▶ Task instructions: In the listing below, find each line that holds the string "Thumbnail" and copy it.

▶ Given records:
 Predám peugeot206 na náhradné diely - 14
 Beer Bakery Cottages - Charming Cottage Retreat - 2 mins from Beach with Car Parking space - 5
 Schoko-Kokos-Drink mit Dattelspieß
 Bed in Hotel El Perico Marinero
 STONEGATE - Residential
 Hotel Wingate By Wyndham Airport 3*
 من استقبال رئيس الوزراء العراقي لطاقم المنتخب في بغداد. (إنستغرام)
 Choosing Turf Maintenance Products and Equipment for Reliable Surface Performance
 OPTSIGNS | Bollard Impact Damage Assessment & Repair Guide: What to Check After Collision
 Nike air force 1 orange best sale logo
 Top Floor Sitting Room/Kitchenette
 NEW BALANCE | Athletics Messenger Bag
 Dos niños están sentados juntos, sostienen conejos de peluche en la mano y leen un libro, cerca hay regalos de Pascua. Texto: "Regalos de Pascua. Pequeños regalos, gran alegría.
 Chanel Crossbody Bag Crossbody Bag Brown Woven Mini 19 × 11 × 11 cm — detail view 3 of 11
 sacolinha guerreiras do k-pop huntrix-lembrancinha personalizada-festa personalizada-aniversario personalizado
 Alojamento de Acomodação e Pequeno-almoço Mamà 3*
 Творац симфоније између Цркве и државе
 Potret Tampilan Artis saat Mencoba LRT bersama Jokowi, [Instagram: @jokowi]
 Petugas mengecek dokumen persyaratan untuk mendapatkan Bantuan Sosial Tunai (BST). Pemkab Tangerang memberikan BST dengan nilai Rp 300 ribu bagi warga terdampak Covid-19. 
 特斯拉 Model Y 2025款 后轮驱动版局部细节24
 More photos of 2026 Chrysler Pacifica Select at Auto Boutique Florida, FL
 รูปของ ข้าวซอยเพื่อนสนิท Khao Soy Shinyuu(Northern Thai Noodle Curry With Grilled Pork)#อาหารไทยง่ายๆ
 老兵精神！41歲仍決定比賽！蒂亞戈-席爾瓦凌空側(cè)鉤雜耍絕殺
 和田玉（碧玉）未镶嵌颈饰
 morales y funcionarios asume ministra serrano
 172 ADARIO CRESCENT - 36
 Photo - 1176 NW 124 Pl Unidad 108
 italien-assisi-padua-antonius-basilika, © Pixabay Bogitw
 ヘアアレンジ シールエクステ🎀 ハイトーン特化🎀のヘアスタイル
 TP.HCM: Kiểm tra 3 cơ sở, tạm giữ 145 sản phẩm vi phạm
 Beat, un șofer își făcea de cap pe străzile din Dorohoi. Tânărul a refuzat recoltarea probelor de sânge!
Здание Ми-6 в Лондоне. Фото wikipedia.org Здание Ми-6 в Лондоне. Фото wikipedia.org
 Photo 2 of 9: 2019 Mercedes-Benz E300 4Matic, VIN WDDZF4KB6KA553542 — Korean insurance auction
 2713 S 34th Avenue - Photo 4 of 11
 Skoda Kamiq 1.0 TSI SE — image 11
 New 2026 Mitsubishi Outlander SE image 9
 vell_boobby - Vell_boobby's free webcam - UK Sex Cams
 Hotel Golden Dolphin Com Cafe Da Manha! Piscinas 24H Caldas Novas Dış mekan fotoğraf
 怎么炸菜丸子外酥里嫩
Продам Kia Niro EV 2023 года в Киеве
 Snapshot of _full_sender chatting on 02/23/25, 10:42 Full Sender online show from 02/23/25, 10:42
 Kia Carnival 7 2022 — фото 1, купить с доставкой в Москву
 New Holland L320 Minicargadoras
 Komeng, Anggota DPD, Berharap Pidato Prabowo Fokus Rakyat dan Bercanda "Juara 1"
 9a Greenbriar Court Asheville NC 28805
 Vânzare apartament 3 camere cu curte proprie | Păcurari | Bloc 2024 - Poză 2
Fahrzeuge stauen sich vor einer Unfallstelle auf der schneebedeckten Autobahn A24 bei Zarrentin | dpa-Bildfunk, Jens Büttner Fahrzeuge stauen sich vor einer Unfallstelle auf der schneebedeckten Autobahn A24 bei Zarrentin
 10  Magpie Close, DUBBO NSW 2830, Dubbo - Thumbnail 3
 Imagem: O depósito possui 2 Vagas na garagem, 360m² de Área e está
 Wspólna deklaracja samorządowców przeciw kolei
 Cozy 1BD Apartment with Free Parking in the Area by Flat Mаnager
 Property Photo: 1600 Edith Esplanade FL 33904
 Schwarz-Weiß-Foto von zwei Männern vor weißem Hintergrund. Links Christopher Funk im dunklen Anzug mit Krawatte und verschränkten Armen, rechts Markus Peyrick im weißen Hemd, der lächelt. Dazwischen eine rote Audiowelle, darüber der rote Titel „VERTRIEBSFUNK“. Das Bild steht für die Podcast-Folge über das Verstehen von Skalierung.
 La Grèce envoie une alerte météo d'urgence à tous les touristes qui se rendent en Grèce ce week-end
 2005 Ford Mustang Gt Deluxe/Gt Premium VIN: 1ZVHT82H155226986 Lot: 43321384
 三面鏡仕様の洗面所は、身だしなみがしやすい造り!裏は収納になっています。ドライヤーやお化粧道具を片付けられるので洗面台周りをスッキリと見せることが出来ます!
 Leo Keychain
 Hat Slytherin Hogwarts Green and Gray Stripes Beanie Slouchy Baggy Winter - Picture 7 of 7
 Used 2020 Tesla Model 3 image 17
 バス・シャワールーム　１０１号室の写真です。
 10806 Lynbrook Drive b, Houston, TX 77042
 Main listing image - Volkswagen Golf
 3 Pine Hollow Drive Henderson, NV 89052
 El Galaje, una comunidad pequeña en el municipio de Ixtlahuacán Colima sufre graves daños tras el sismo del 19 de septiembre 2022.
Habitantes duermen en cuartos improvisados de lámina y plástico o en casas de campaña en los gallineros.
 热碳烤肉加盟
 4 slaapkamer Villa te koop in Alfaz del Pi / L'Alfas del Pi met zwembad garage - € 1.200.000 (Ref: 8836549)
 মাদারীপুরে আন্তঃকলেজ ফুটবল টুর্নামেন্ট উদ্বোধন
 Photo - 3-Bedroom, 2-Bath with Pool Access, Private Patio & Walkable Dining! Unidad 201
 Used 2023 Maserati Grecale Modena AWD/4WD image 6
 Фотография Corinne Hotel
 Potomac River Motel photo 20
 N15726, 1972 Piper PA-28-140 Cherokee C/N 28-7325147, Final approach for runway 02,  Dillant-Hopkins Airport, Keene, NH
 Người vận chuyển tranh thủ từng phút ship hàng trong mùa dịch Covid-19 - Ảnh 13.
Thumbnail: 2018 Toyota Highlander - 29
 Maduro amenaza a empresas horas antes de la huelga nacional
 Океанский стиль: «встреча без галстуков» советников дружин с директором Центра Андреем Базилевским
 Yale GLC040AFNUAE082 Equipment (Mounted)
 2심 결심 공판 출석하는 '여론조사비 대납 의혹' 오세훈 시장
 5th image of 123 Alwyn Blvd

▶ Exercise result:
 10  Magpie Close, DUBBO NSW 2830, Dubbo - Thumbnail 3
Thumbnail: 2018 Toyota Highlander - 29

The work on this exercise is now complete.